Finding Mean, Median, Mode in Python without libraries


In this article, we will learn how to calculate Mean, Median and Mode with Python without using external libraries.

  1. Mean : The mean is the average of all numbers and is sometimes called the arithmetic mean. This code calculates Mean or Average of a list containing numbers:

      

    n_num = [1, 2, 3, 4, 5]

    n = len(n_num)

      

    get_sum = sum(n_num)

    mean = get_sum / n

      

    print("Mean / Average is: " + str(mean))

    Output:

    We define a list of numbers and calculate the length of the list. We then use sum() function to get sum of all the elements in a list. We finally divide the total sum by the number of elements in the list and we print the result to get the mean/average of a list.

  2. Median : The median is the middle number in a group of numbers. This code calculates Median of a list containing numbers:

      

    n_num = [1, 2, 3, 4, 5]

    n = len(n_num)

    n_num.sort()

      

    if n % 2 == 0:

        median1 = n_num[n//2]

        median2 = n_num[n//2 - 1]

        median = (median1 + median2)/2

    else:

        median = n_num[n//2]

    print("Median is: " + str(median))

    We define a list of numbers and calculate the length of the list. To find a median, we first sort the list in Ascending order using sort() function.
    Now we check if the number is even or odd by checking their remainders. If the number is even, we find 2 middle elements in a list and get their average to print it out. But if the number is odd, we find the middle element in a list and print it out.

  3. Mode : The mode is the number that occurs most often within a set of numbers. This code calculates Mode of a list containing numbers:

    from collections import Counter

      

    n_num = [1, 2, 3, 4, 5, 5]

    n = len(n_num)

      

    data = Counter(n_num)

    get_mode = dict(data)

    mode = [k for k, v in get_mode.items() if v == max(list(data.values()))]

      

    if len(mode) == n:

        get_mode = "No mode found"

    else:

        get_mode = "Mode is / are: " + ', '.join(map(str, mode))

          

    print(get_mode)

    We will import Counter from collections library which is a built-in module in Python 2 and 3. This module will help us count duplicate elements in a list.
    We define a list of numbers and calculate the length of the list.
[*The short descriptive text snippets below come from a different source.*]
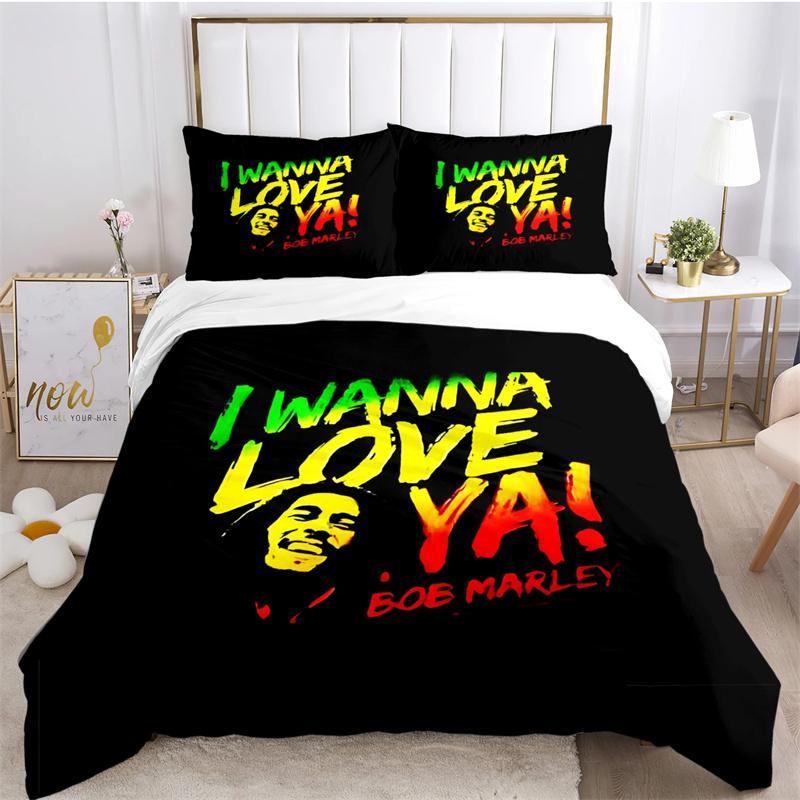 Bob Marley Reggae Music Maple Leaf Comforter Bedding Set,Duvet Cover Bed Set Quilt Cover Pillowcase,King Queen Size Bedding Set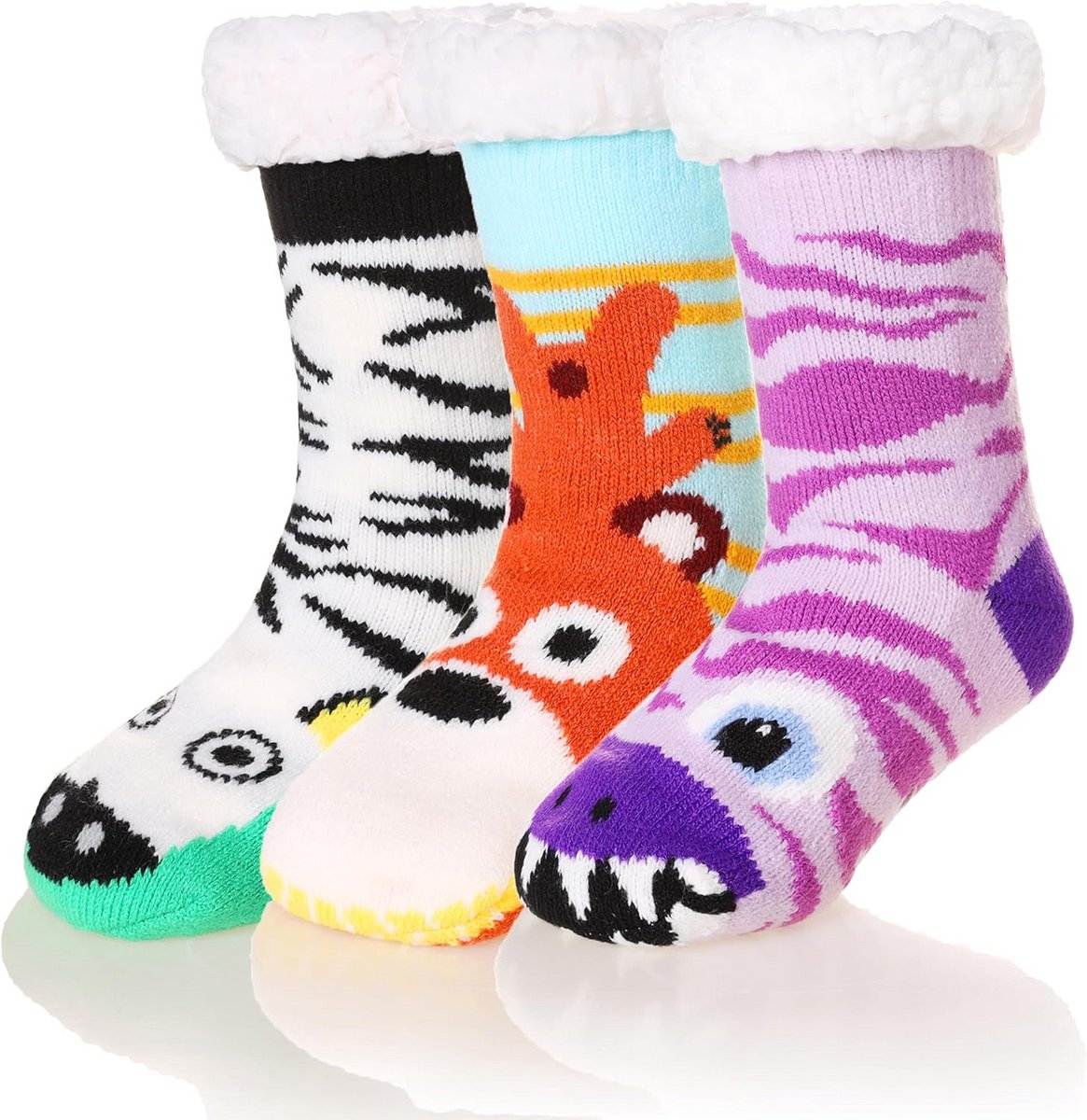 Warme Antislip Huissokken voor Kinderen - Zachte Pluizige Fleece Wintersokken met Schattige Dieren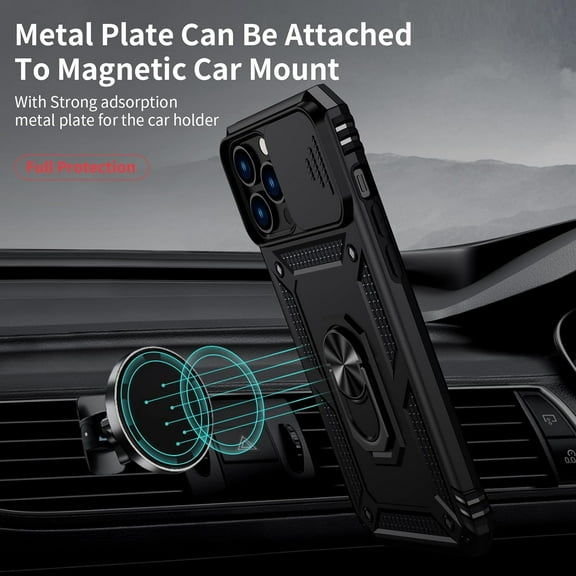 for iPhone 12 Pro Max Case with Camera Lens Cover, 10 FT Military Grade Drop Protection, Magnetic Ring Holder Kickstand Protective Phone Case for iPhone 12 Pro Max,Black
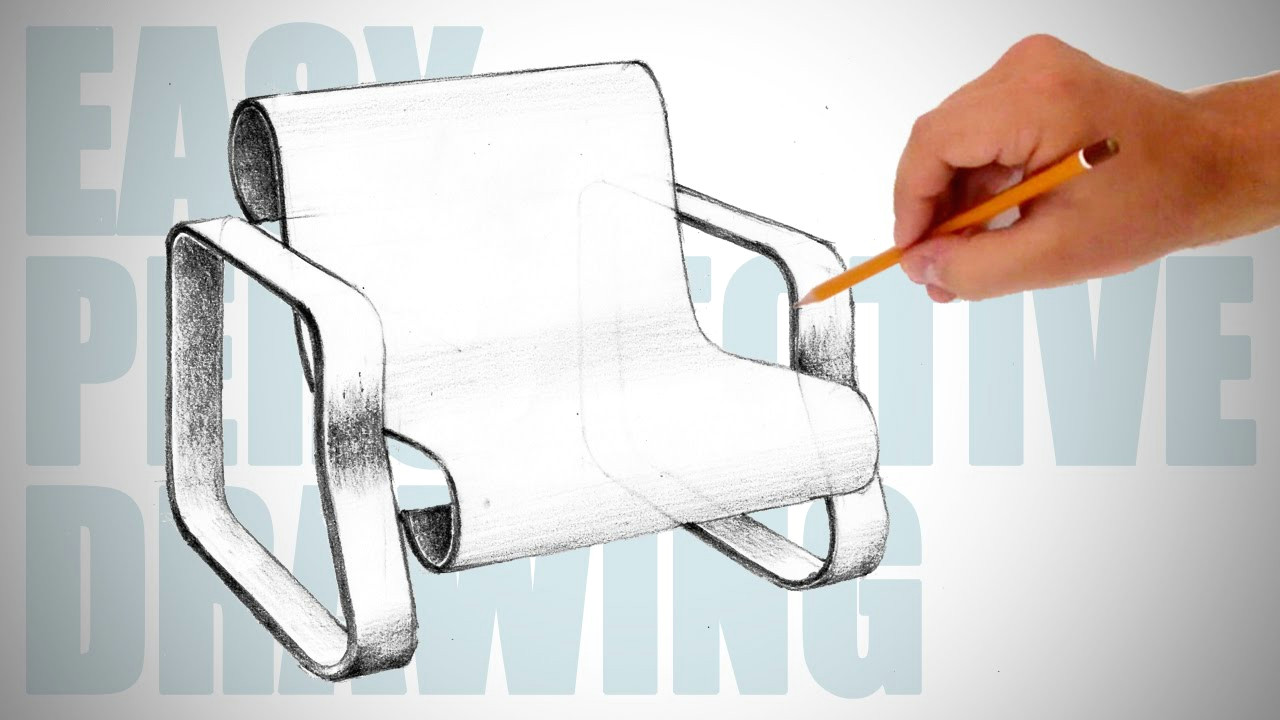 3d Drawing Easy Youtube How to Draw A Modern Chair Easy Perspective Drawing 14 Youtube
We then call Counter (a dict subclass) which helps to count hashable objects, and we then convert it to dict object. We then initialize a list with a For Loop to compare all the dict values (Number of elements) to the max of all dict values (count of most occurring element) and it returns all the elements equal to max count. If the elements returned are equal to the number of total elements in a list then we print out ‘No mode’, else we print out the modes returned.

Conclusion
We have successfully calculated mean, median and mode of a dataset but you might be thinking ‘Will I be using these algorithms every time I want to get mean, median and mode of a dataset?’
The answer is you can but you certainly won’t. This was just to show you how the algorithm works behind the scenes when finding out any of these.
For any projects, this can be achieved by simply importing an inbuilt library ‘statistics’ in Python 3 and using the inbuilt functions mean(), median() and mode(). Also, there are other external libraries which can help you achieve the same results in just 1 line of code as the code is pre-written in those libraries.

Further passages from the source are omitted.